Task goal ▸ Reproduce each line, exactly, from the one containing "5 Gum, Spearmint" through the end of the material. Exclude pictures.

Recorded data ▸
*-*-*

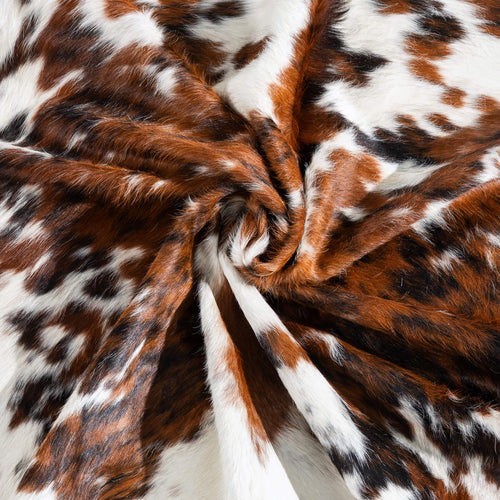 White Tricolor Cowhide Rug Size 7'11" L x 6'8" W 9684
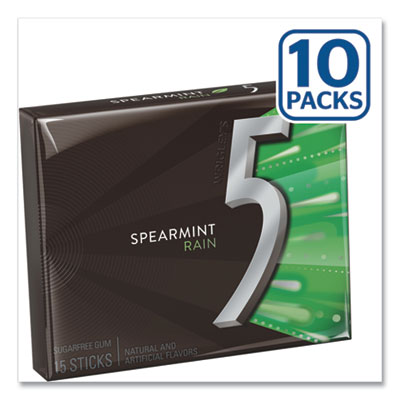 5 Gum, Spearmint Rain, 15 Sticks/Pack, 10 Packs/Box OrdermeInc OrdermeInc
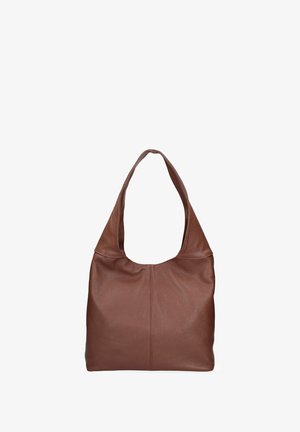 Borsa a tracolla in pelle marrone con una superficie morbida e testurizzata, ampia tracolla a forma di U e design minimalista. Nessun hardware o accento visibile.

*-*-*

Task output ▸
 5 Gum, Spearmint Rain, 15 Sticks/Pack, 10 Packs/Box OrdermeInc OrdermeInc
 Borsa a tracolla in pelle marrone con una superficie morbida e testurizzata, ampia tracolla a forma di U e design minimalista. Nessun hardware o accento visibile.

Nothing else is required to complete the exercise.